Jake Malone, a white college kid in suburban Detroit in 1967, gets kicked out of school and decides to earn a little money to get a car of his own. He ends up at Zug Island, a steelworking plant that’s a world away from his suburban home. When he first sees the place, it reminds Jake of Dante’s Inferno, but he doesn’t know yet how literal that perception will become. After a tense fight at the plant, he’s befriended by Theo Semple, an African-American man who came to Detroit for better wages but left a family and a tragic history back in the South. In their spare time, Jake and Theo hit the town seeking adventures. As the story unfolds, what they find is eye-opening for Jake—from prostitution and police brutality on the streets of Detroit to the casual racism found in the all-white suburbs. The racial tension builds, until one day it explodes in riots that turn Detroit into an inferno. Told from Jake’s perspective, the short novel—part journey through hell, part social document, part adventure story—depicts his struggles with race and class pressure. Fournier reveals what life was like not only on Zug Island, but also on the streets of Detroit, in its white suburbs and in white and black churches. Readers may wish the author had spent more time in some of the scenes, particularly the riots, which are described from a distance. The Vietnam War is mentioned, but its impact is left unexplored. Also, at times, Fournier steps back from the story to fill in general history that is illuminating, even though it breaks the narrative flow. On the whole, however, the novel is tightly written with a dramatic plot, well-rounded characters and clear insights into social history.
An engaging, dynamic story that grapples intelligently with themes of race, class and morality.
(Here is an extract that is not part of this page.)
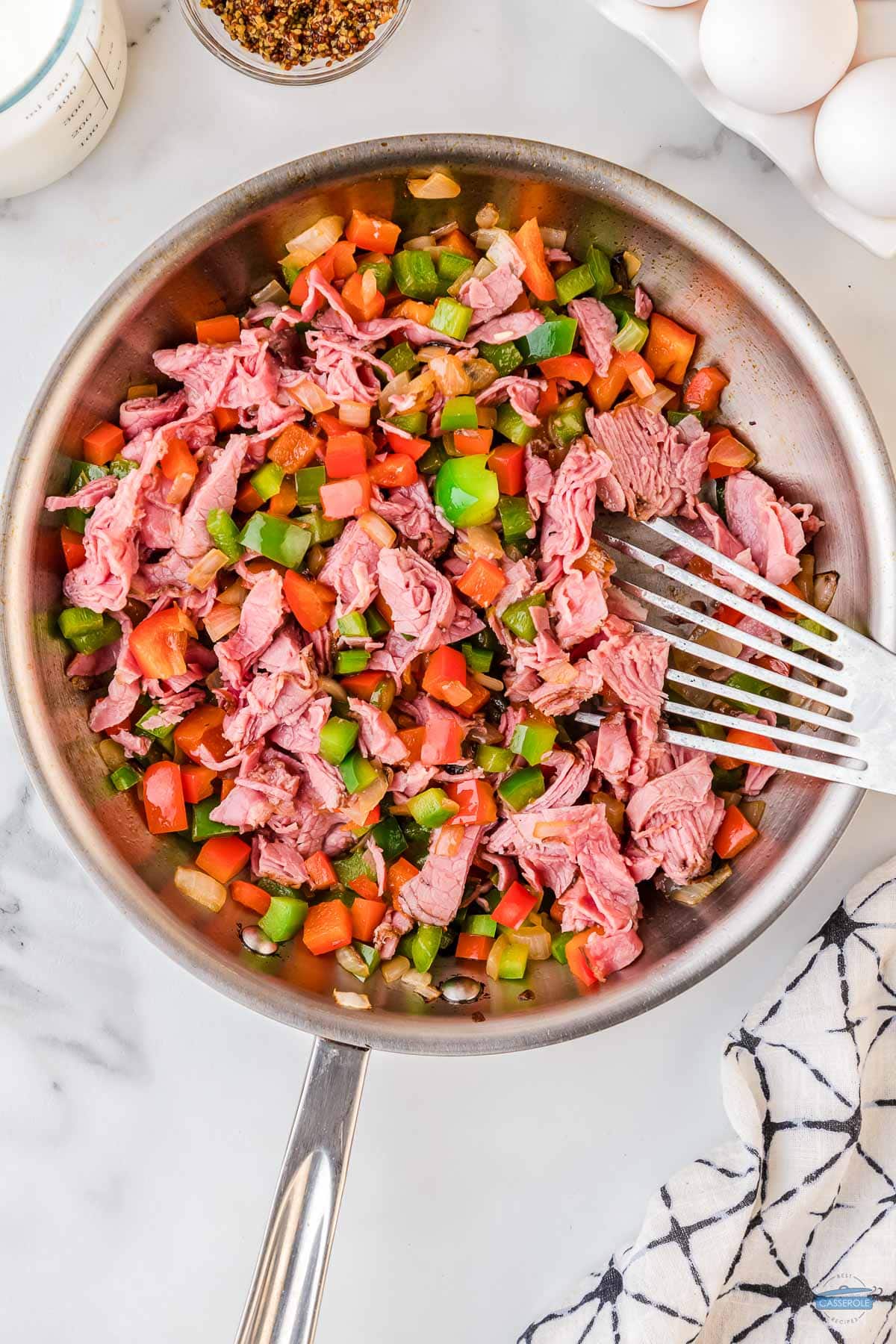 corned beef and sauteed onions and green bell pepper in a skillet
Available at and in the Kindle e-book format. 

Friday, August 3, 2012

Quick Party Caricatures by Walt Griggs

While doing research for my next book, In the Shadow of the Water Tower, in Ypsilanti, Michigan, I ran into Walt Griggs, a caricature artist preparing to set up for a party he was working at The Corner Brewery.

I struck up a conversation with him about my reason for being in town and he was quite intrigued. He had never heard of John Norman Collins or the co-ed killings.

"Would you like me to draw you? I need to warm up." The party hadn't started quite yet.

"Sure," I said. "Do you want me to pose or anything?"

"No. Just sit there and tell me more about your book."

Five minutes later, he handed me the drawing you see above. I was really pleased with it, though I don't think I'm that gleeful in real life. Of course, that's why it's called a caricature.

What a great idea! Hiring someone to caricature quests at a party. The artist gets a commission for being there, and he earns tips and future referrals for other jobs at the same time.

As people began to arrive at the private party, I traded him a copy of Zug Island and thanked him. We both made a good deal I think.